Sandy Ostrau
CROSSCURRENTS
November 4-27, 2021
Opening Reception: Thursday, November 4, 5:30-7:30 PM
Dolby Chadwick Gallery is pleased to announce Crosscurrents, its first solo exhibition with Sandy Ostrau. Ostrau works in a bold, abstract style to create compositions in which all elements are simplified to their essential forms. Her aesthetic is heavily indebted to Bay Area Figuration, with roots in the en plein air tradition of nineteenth-century French Impressionism, suffusing her paintings with atmosphere, movement, and vibrant complementary colors.
The natural world—in particular, the full length of the California coast and its adjacent landscapes—forms Ostrau’s greatest source of inspiration. She has worked outdoors, in situ, as well as in her studio, utilizing as a point of reference sketches and small works from nature that she has made over the years. Her aim is to convey the feeling underlying a given scene, stripping back extraneous details to cut to the core of its power. Ostrau depicts her landscapes using planes of varying shape and color that overlap and interlock, meeting as parallel lines or at angles to give the compositions a sense of depth and limber dimensionality. Affinities can be seen between her work and that of Richard Diebenkorn, who parsed the landscape by applying a colorful, emotive geometry. Ostrau’s emphasis on value, however, and on creating arresting relationships between light and dark, which she overlays with correlative hues, tightens her work by creating rhythm and pattern.
Each of her paintings contains at least one human figure, whose features are undefined yet whose form is articulated using striated marks in the manner of Nathan Olivera, inflecting them with fullness and solidity. They could be anybody—or everybody. A sense of solitude permeates these figures, even when there are more than one, though this solitude is less a declaration of loneliness than of existential reflection. Ostrau renders them in the same way she does the landscapes they inhabit, using color and value to capture their primary gesture. Her figures often cast long thin vertical shadows that bisect the landscape’s horizontal planes, further integrating body into land.

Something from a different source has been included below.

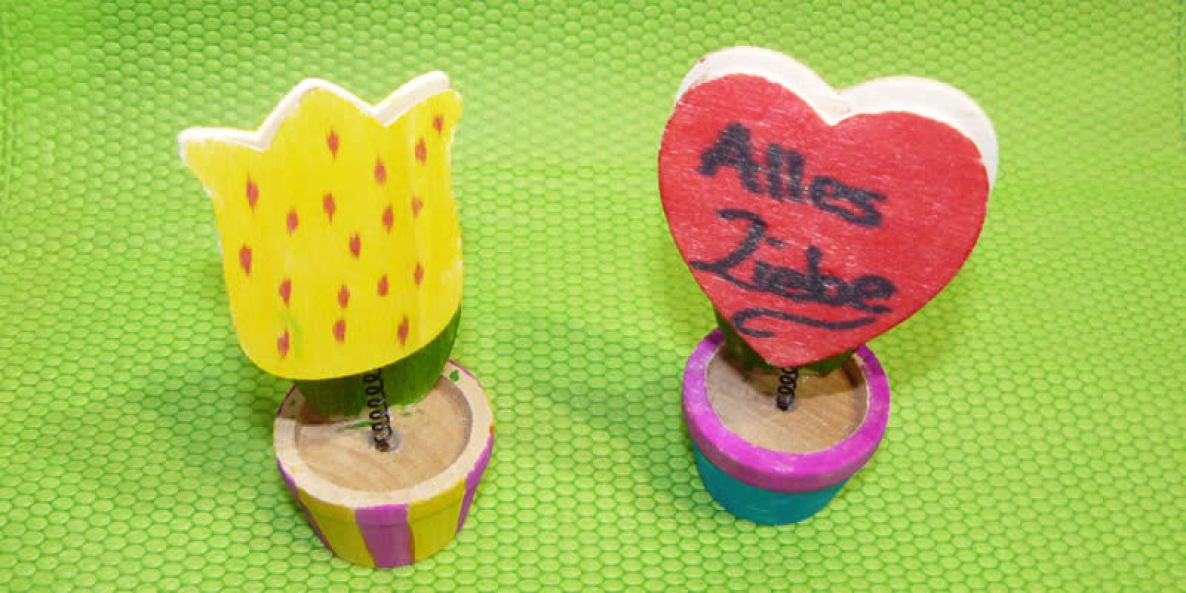 Holz Töpfe basteln mit Kinder auf Veranstaltungen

“Though I strive to eliminate details, I also like the idea of connecting things—people to people and people with landscapes,” Ostrau explains. “In this body of work,” she continues, “there are references to manmade structures likes piers, wharfs, and other things you find on the beach. They help underline how we are part of the landscape, immersed or embedded into the natural world.” With global warming threatening the health and future of the environment, this vital harmony between ourselves and nature has become increasingly impossible to ignore. Now more than ever, it is critical to recognize that we are not only of the landscape, we are nothing without it.

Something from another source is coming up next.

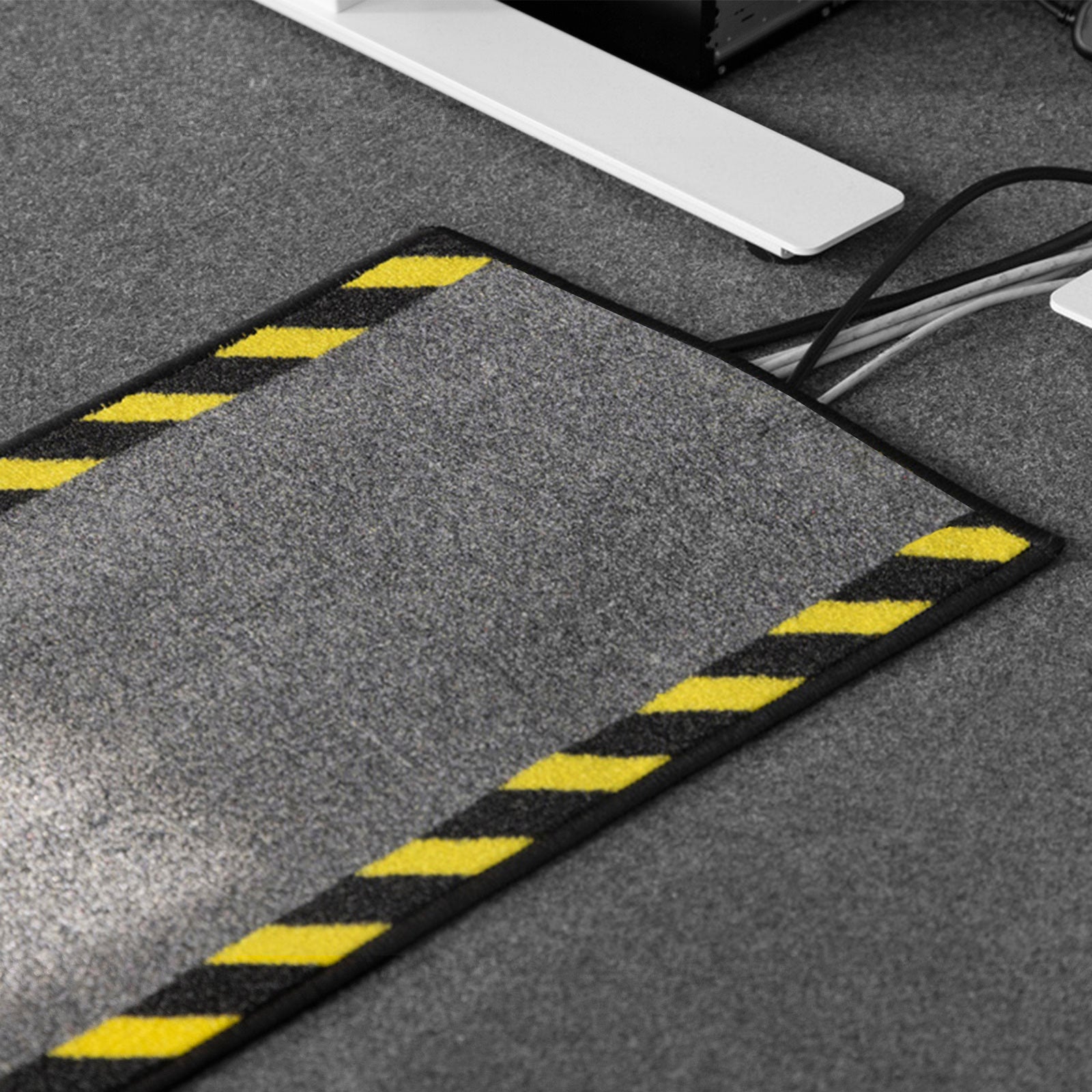 ✂ Kabelmatte mit Warnumrandung | In vielen Größen und Farben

Ostrau lives and works in Palo Alto and Sea Ranch, on Sonoma County’s far northern coast, two places that deeply inform her work. Yet because of her minimalist style and streamlined imagery, it is not always possible to discern between big sky and open water, beaches and meadows, rugged cliffsides and jutting piers. The atmospheric transience of a given setting, which can be dramatically transformed by light and time of day, weather conditions such as mist and fog, and seasonal fluctuations, further eclipses attempts at identification. Her dexterous handling of her medium, which is often built up to an impasto, and her bold mark-making in the vein of Joan Brown and David Park—whose fearless gestures she praises as “leading with power”—provide the anchor around which the paintings cohere. From this stable mooring, Ostrau invites viewers to enter and develop their own narratives based on personal histories and predilections.

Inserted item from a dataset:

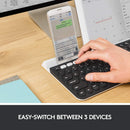 Logitech K780 Multi-Device Wireless Keyboard (English Version) - Black 黑色 920-008028 原裝行貨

Sandy Ostrau was born in New Mexico and raised in Palo Alto. She studied at the Palo Art Center and the Pacific Art League after earning her BA from the University of California, Santa Barbara. In addition to exhibiting extensively across the United States, Ostrau has been the recipient of numerous awards for her paintings, including from the Triton Museum of Art, Santa Clara, and the Gualala Art Center, Gualala, CA. Crosscurrents is her first solo exhibition at Dolby Chadwick Gallery.